■ Scraped caption text data

^^^^

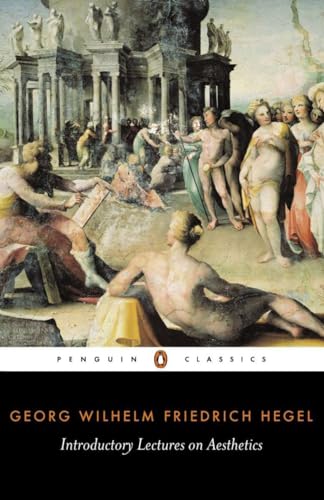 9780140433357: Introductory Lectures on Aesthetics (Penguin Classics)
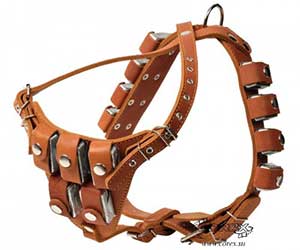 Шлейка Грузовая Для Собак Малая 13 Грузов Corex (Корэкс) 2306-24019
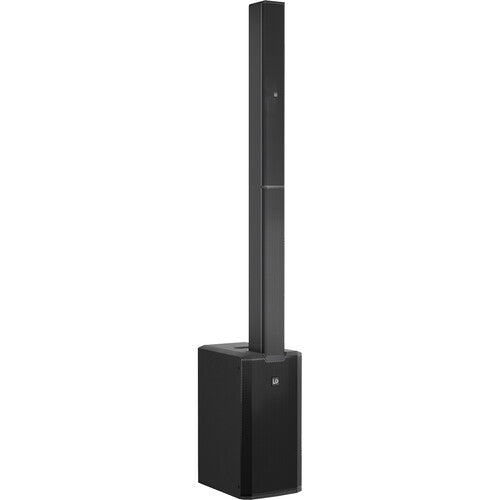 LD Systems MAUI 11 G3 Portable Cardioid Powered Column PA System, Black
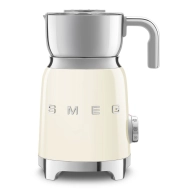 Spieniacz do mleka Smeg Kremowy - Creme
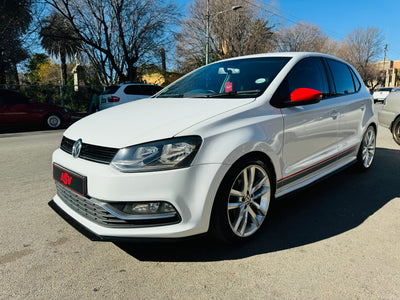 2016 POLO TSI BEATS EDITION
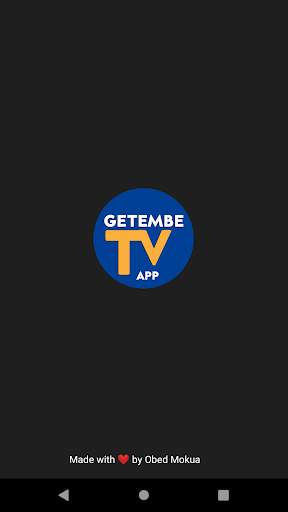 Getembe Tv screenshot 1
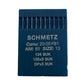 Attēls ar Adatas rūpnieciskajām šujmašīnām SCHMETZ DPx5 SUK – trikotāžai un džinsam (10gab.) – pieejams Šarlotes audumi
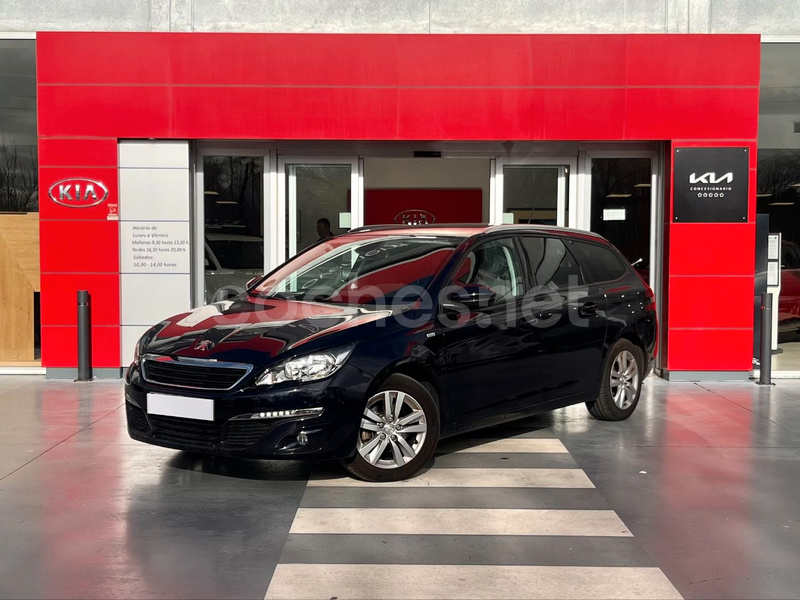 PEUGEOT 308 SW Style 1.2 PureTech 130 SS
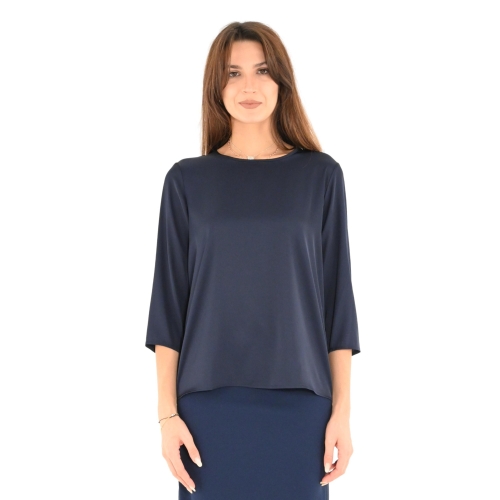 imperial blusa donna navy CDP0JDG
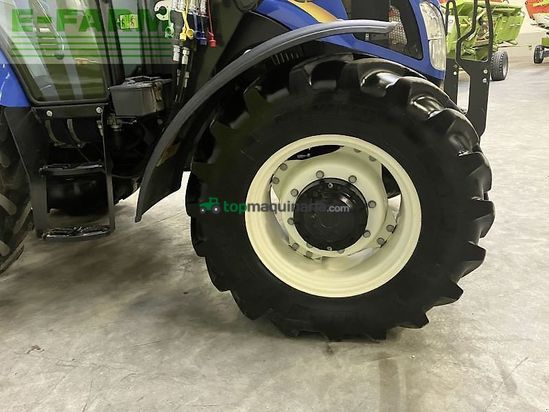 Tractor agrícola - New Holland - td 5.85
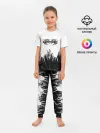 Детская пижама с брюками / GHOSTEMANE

^^^^

■ EXERCISE AIM
Although the records above contain pictures, output every line exactly and leave the pictures out.

■ OUTPUT
 9780140433357: Introductory Lectures on Aesthetics (Penguin Classics)
 Шлейка Грузовая Для Собак Малая 13 Грузов Corex (Корэкс) 2306-24019
 LD Systems MAUI 11 G3 Portable Cardioid Powered Column PA System, Black
 Spieniacz do mleka Smeg Kremowy - Creme
 2016 POLO TSI BEATS EDITION
 Getembe Tv screenshot 1
 Attēls ar Adatas rūpnieciskajām šujmašīnām SCHMETZ DPx5 SUK – trikotāžai un džinsam (10gab.) – pieejams Šarlotes audumi
 PEUGEOT 308 SW Style 1.2 PureTech 130 SS
 imperial blusa donna navy CDP0JDG
 Tractor agrícola - New Holland - td 5.85
 Детская пижама с брюками / GHOSTEMANE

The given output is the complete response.